Original topic: 网络故障集体迁移IP故障恢复过程

| username: ffeenn

【TiDB Usage Environment】Test Environment
【TiDB Version】5.4.1

  1. Fault Description:
    In the test station, 4 virtual machines were used. Today, due to a network failure, there was a forced power outage, causing a collective crash. Two TIKV node virtual machines were directly scrapped and could not be started.
    There was no backup in the test environment, so we had to recover the test data with difficulty.

  2. Original Virtual Machine Node Distribution
    192.168.1.110 tidb-server, ti-pd Crashed and cannot start
    192.168.1.111 tipd, monitoring, ti-pd Normal
    192.168.1.112 tikv Crashed and cannot start
    192.168.1.113 tikv Normal

  3. Recovery Process

  • First, rebuild the virtual machine to ensure the node server can start normally.

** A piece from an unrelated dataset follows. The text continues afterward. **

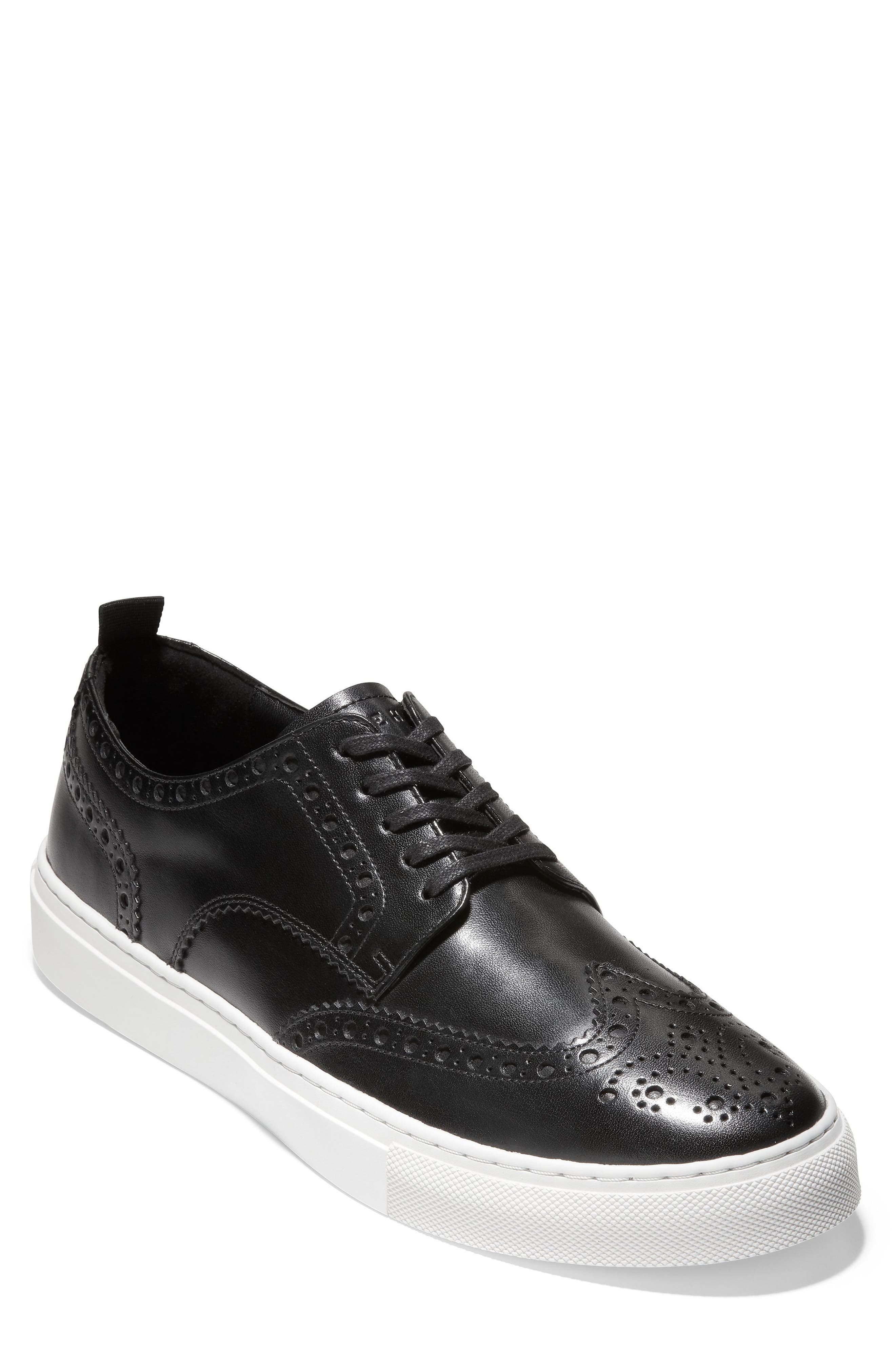 cole haan black womens sneakers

  • During the recovery process, it was found that due to the network failure, all node IPs were changed to the 10.1.1.0 segment, causing all tidb nodes to be in a crash state. Attempts to manually change the IP (modifying the tikv startup configuration file, modifying the tiup’s meta.yaml, etc.) resulted in abnormal startup and were not feasible. Attempts to recover through scaling failed.

  • Finally, decisively rebuilt a clean environment and started a new cluster.

  • After starting the cluster, mounted the data to be recovered tikv-20160, backed up the original (since the data was too large, 20GB, I directly mounted the cloud disk).
    image

  • Expanded a TIKV, restarted the cluster, PD was in UP state, TIKV was in Disconnected state, found tikv error cluster ID mismatch.


  • Finally, due to the cluster ID mismatch, searched the documentation PD Recover 使用文档 | PingCAP 文档中心 to find the old cluster’s cluster ID and alloc-id.


  • Then attempted recovery in the new cluster’s PD Leader, found that the recovery was successful.

  • Then restarted the cluster, tiup cluster restart tidb-test, checked the tikv log, tikv started normally. The newly expanded node did not start for some reason, possibly due to empty data. Ignored it for now.

  • The test database connection was normal, data could be queried and inserted, so the test database was considered recovered.

  1. Summary
    I am still not familiar enough with some in-depth knowledge points of TiDB. Additionally, this data recovery was done in a test environment, and it is unclear if there are any hidden risks. For reference only, always back up before recovering data.
| username: Billmay表妹 | Original post link

Thank you for the summary of your experience~

| username: system | Original post link

This topic was automatically closed 60 days after the last reply. New replies are no longer allowed.